Based on the novel of the same name by Margaret Atwood (the author responsible for “The Handmaid’s Tale”) the show focuses on Grace Marks, played by Sarah Gadon. She has been convicted of the murder of her employer and his lover. Dr. Simon Jordan, played by Edward Holcroft, is tasked with performing a psychiatric evaluation of Marks in the hopes of clearing her of all charges.

The story fluctuates between these “therapy” sessions and Marks’ past, allowing the audience to see what exactly she is telling (or not telling) Jordan. The doctor serves as the audience surrogate, asking the questions they cannot. Each person involved in the story is in the dark about what really happened, creating a fascinating and unique tale.

The cast portrays these characters flawlessly, especially Gadon. She portrays Marks as a person who has seen terrible things in her life in her talks with Jordan, but also pulls off her naive younger self in the flashbacks. The audience sees Marks learn the ways of the world in an often sad and scary fashion. Gadon plays Marks with a sense of restraint, making the audience doubt if she’s truly being honest with the doctor.

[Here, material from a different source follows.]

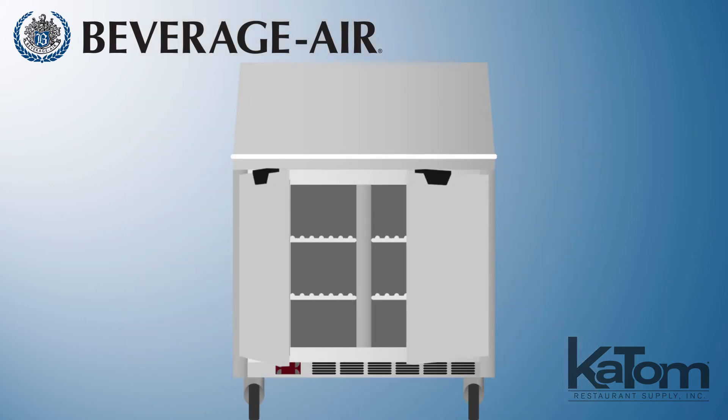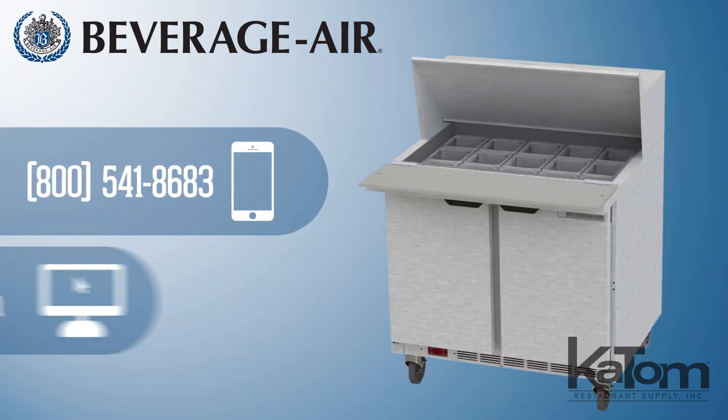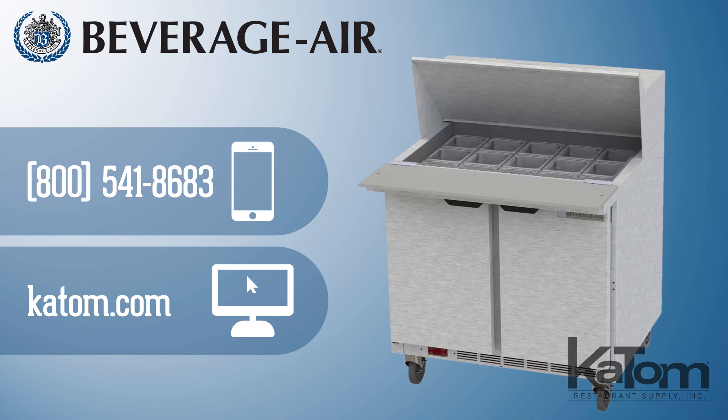For easy access, the self-closing cabinet doors will remain in place when open past 120 degrees. Call our customer care team or visit us online at katom.com to order a Beverage Air prep table for your operation today.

Holcroft pulls off the lovestruck doctor, and his curiosity with Marks seems earned and real. The exchanges between the two are riveting, and keep the present day storyline interesting and relevant. Jordan is a character that could come off terribly if portrayed wrong, but Holcroft manages to walk the tightrope between clinical and emotional.

Throughout the course of the series, we mostly see the crime committed in sharp and visceral flashes, allowing the audience to experience the abruptness and violence of the murders. When the show wants to be frightening, it pulls it off spectacularly with horrifying imagery appearing out of nowhere. Credit can be given to director Mary Hannon, whose previous work “American Psycho” made her perfect to direct the six episodes.

Writer Sarah Polley adapts Atwood’s work skillfully, carefully creating a non-linear narrative that is easy to follow and a pleasure to watch. The dark themes of the book are translated well, and the novel is definitely serviced well by this series.

The show revels in keeping the audience in suspense. It tells the audience most of what happens right at the beginning, but shines in how it slowly reveals the bigger picture as the show goes on. What seems like a cut and dry murder is actually more complicated than could be imagined. Seeing a character’s true feelings in quick cutaway scenes works perfectly and the series creates a strong narrative that can be counted among Netflix’s finest.

“Alias Grace” may not receive the accolades that “The Handmaid’s Tale” earned, but the show definitely should be considered a fantastic adaptation of another fantastic novel. Atwood should be proud of the media her books are spawning.